(TASK PROMPT)
What the task needs is every record repeated exactly, nothing more.

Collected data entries
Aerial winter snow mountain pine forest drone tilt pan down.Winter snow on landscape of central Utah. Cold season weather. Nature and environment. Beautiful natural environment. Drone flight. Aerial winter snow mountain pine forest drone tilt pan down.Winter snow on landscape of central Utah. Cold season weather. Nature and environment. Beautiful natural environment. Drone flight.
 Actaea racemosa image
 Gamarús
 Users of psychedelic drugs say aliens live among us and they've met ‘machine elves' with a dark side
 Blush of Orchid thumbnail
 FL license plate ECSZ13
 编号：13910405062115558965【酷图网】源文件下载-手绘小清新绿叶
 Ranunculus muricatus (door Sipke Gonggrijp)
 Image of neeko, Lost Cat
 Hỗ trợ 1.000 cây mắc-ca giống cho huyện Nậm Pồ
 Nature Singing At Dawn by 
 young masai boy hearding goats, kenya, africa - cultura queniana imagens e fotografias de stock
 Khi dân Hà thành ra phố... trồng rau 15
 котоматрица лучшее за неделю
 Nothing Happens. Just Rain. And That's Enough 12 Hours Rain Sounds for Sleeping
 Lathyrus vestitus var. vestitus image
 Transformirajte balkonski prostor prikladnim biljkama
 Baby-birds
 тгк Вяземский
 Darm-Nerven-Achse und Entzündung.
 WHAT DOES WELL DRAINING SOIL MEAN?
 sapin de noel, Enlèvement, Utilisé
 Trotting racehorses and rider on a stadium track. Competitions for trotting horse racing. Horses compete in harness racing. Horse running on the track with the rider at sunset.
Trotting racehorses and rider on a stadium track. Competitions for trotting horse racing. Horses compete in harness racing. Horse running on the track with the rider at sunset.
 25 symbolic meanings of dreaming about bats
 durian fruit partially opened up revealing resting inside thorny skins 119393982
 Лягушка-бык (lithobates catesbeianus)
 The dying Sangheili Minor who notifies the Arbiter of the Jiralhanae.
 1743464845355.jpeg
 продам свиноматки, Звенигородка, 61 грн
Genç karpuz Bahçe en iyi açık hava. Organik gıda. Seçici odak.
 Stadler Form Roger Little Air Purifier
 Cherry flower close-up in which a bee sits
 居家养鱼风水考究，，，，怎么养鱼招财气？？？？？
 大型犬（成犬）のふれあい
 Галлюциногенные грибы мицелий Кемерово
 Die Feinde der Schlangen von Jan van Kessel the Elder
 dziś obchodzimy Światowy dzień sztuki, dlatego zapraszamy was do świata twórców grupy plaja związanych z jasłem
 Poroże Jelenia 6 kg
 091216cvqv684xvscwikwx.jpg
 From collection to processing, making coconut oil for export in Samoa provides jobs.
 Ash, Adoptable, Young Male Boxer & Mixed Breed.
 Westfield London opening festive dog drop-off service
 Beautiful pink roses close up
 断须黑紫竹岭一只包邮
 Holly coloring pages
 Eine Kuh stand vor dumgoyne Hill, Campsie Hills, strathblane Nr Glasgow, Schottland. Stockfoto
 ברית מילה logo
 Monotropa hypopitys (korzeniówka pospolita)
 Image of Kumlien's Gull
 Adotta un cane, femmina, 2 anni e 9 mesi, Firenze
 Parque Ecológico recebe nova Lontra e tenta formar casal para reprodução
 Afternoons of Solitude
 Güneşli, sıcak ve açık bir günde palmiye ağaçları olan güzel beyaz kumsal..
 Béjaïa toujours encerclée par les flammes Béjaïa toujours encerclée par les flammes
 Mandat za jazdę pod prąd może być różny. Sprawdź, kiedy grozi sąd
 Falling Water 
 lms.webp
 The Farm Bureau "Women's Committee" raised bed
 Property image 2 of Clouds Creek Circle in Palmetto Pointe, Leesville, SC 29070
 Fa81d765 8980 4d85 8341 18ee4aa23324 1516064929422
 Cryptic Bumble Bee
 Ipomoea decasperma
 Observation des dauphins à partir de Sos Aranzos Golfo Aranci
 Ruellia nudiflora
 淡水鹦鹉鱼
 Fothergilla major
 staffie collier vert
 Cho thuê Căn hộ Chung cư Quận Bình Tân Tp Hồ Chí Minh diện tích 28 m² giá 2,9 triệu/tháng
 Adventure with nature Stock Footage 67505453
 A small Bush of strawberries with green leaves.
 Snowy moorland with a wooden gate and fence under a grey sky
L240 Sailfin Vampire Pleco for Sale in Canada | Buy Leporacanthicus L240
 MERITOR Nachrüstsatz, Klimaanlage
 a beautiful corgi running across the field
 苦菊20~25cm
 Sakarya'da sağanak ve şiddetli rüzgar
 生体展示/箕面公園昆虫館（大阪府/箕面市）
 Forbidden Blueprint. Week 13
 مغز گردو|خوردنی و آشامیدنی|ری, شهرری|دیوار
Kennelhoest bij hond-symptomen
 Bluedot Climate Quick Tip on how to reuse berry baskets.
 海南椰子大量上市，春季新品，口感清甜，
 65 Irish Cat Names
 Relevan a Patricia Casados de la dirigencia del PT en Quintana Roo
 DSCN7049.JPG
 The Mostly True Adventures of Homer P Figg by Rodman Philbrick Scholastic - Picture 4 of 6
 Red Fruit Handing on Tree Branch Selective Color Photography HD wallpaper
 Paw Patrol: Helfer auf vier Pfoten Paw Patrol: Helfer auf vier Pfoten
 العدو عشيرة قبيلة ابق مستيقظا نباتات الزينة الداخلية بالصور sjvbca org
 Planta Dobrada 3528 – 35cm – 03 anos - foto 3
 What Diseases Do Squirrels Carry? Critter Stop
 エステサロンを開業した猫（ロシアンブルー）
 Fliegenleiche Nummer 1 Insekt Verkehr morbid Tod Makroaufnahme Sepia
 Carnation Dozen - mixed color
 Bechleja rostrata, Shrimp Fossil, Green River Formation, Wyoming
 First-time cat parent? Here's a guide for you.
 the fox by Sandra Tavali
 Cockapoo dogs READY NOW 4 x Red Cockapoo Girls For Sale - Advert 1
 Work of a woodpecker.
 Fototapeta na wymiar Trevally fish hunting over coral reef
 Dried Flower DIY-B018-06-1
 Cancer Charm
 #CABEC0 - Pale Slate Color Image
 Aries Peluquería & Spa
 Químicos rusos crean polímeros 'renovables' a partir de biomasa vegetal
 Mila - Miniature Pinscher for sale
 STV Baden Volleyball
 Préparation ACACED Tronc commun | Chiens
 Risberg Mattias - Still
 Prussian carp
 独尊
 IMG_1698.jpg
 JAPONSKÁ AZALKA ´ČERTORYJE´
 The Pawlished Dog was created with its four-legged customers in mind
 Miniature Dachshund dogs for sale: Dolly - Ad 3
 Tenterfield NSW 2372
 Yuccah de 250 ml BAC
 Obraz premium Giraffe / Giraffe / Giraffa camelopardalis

(FINISHED EXERCISE)
Aerial winter snow mountain pine forest drone tilt pan down.Winter snow on landscape of central Utah. Cold season weather. Nature and environment. Beautiful natural environment. Drone flight. Aerial winter snow mountain pine forest drone tilt pan down.Winter snow on landscape of central Utah. Cold season weather. Nature and environment. Beautiful natural environment. Drone flight.
 Actaea racemosa image
 Gamarús
 Users of psychedelic drugs say aliens live among us and they've met ‘machine elves' with a dark side
 Blush of Orchid thumbnail
 FL license plate ECSZ13
 编号：13910405062115558965【酷图网】源文件下载-手绘小清新绿叶
 Ranunculus muricatus (door Sipke Gonggrijp)
 Image of neeko, Lost Cat
 Hỗ trợ 1.000 cây mắc-ca giống cho huyện Nậm Pồ
 Nature Singing At Dawn by 
 young masai boy hearding goats, kenya, africa - cultura queniana imagens e fotografias de stock
 Khi dân Hà thành ra phố... trồng rau 15
 котоматрица лучшее за неделю
 Nothing Happens. Just Rain. And That's Enough 12 Hours Rain Sounds for Sleeping
 Lathyrus vestitus var. vestitus image
 Transformirajte balkonski prostor prikladnim biljkama
 Baby-birds
 тгк Вяземский
 Darm-Nerven-Achse und Entzündung.
 WHAT DOES WELL DRAINING SOIL MEAN?
 sapin de noel, Enlèvement, Utilisé
 Trotting racehorses and rider on a stadium track. Competitions for trotting horse racing. Horses compete in harness racing. Horse running on the track with the rider at sunset.
Trotting racehorses and rider on a stadium track. Competitions for trotting horse racing. Horses compete in harness racing. Horse running on the track with the rider at sunset.
 25 symbolic meanings of dreaming about bats
 durian fruit partially opened up revealing resting inside thorny skins 119393982
 Лягушка-бык (lithobates catesbeianus)
 The dying Sangheili Minor who notifies the Arbiter of the Jiralhanae.
 1743464845355.jpeg
 продам свиноматки, Звенигородка, 61 грн
Genç karpuz Bahçe en iyi açık hava. Organik gıda. Seçici odak.
 Stadler Form Roger Little Air Purifier
 Cherry flower close-up in which a bee sits
 居家养鱼风水考究，，，，怎么养鱼招财气？？？？？
 大型犬（成犬）のふれあい
 Галлюциногенные грибы мицелий Кемерово
 Die Feinde der Schlangen von Jan van Kessel the Elder
 dziś obchodzimy Światowy dzień sztuki, dlatego zapraszamy was do świata twórców grupy plaja związanych z jasłem
 Poroże Jelenia 6 kg
 091216cvqv684xvscwikwx.jpg
 From collection to processing, making coconut oil for export in Samoa provides jobs.
 Ash, Adoptable, Young Male Boxer & Mixed Breed.
 Westfield London opening festive dog drop-off service
 Beautiful pink roses close up
 断须黑紫竹岭一只包邮
 Holly coloring pages
 Eine Kuh stand vor dumgoyne Hill, Campsie Hills, strathblane Nr Glasgow, Schottland. Stockfoto
 ברית מילה logo
 Monotropa hypopitys (korzeniówka pospolita)
 Image of Kumlien's Gull
 Adotta un cane, femmina, 2 anni e 9 mesi, Firenze
 Parque Ecológico recebe nova Lontra e tenta formar casal para reprodução
 Afternoons of Solitude
 Güneşli, sıcak ve açık bir günde palmiye ağaçları olan güzel beyaz kumsal..
 Béjaïa toujours encerclée par les flammes Béjaïa toujours encerclée par les flammes
 Mandat za jazdę pod prąd może być różny. Sprawdź, kiedy grozi sąd
 Falling Water 
 lms.webp
 The Farm Bureau "Women's Committee" raised bed
 Property image 2 of Clouds Creek Circle in Palmetto Pointe, Leesville, SC 29070
 Fa81d765 8980 4d85 8341 18ee4aa23324 1516064929422
 Cryptic Bumble Bee
 Ipomoea decasperma
 Observation des dauphins à partir de Sos Aranzos Golfo Aranci
 Ruellia nudiflora
 淡水鹦鹉鱼
 Fothergilla major
 staffie collier vert
 Cho thuê Căn hộ Chung cư Quận Bình Tân Tp Hồ Chí Minh diện tích 28 m² giá 2,9 triệu/tháng
 Adventure with nature Stock Footage 67505453
 A small Bush of strawberries with green leaves.
 Snowy moorland with a wooden gate and fence under a grey sky
L240 Sailfin Vampire Pleco for Sale in Canada | Buy Leporacanthicus L240
 MERITOR Nachrüstsatz, Klimaanlage
 a beautiful corgi running across the field
 苦菊20~25cm
 Sakarya'da sağanak ve şiddetli rüzgar
 生体展示/箕面公園昆虫館（大阪府/箕面市）
 Forbidden Blueprint. Week 13
 مغز گردو|خوردنی و آشامیدنی|ری, شهرری|دیوار
Kennelhoest bij hond-symptomen
 Bluedot Climate Quick Tip on how to reuse berry baskets.
 海南椰子大量上市，春季新品，口感清甜，
 65 Irish Cat Names
 Relevan a Patricia Casados de la dirigencia del PT en Quintana Roo
 DSCN7049.JPG
 The Mostly True Adventures of Homer P Figg by Rodman Philbrick Scholastic - Picture 4 of 6
 Red Fruit Handing on Tree Branch Selective Color Photography HD wallpaper
 Paw Patrol: Helfer auf vier Pfoten Paw Patrol: Helfer auf vier Pfoten
 العدو عشيرة قبيلة ابق مستيقظا نباتات الزينة الداخلية بالصور sjvbca org
 Planta Dobrada 3528 – 35cm – 03 anos - foto 3
 What Diseases Do Squirrels Carry? Critter Stop
 エステサロンを開業した猫（ロシアンブルー）
 Fliegenleiche Nummer 1 Insekt Verkehr morbid Tod Makroaufnahme Sepia
 Carnation Dozen - mixed color
 Bechleja rostrata, Shrimp Fossil, Green River Formation, Wyoming
 First-time cat parent? Here's a guide for you.
 the fox by Sandra Tavali
 Cockapoo dogs READY NOW 4 x Red Cockapoo Girls For Sale - Advert 1
 Work of a woodpecker.
 Fototapeta na wymiar Trevally fish hunting over coral reef
 Dried Flower DIY-B018-06-1
 Cancer Charm
 #CABEC0 - Pale Slate Color Image
 Aries Peluquería & Spa
 Químicos rusos crean polímeros 'renovables' a partir de biomasa vegetal
 Mila - Miniature Pinscher for sale
 STV Baden Volleyball
 Préparation ACACED Tronc commun | Chiens
 Risberg Mattias - Still
 Prussian carp
 独尊
 IMG_1698.jpg
 JAPONSKÁ AZALKA ´ČERTORYJE´
 The Pawlished Dog was created with its four-legged customers in mind
 Miniature Dachshund dogs for sale: Dolly - Ad 3
 Tenterfield NSW 2372
 Yuccah de 250 ml BAC
 Obraz premium Giraffe / Giraffe / Giraffa camelopardalis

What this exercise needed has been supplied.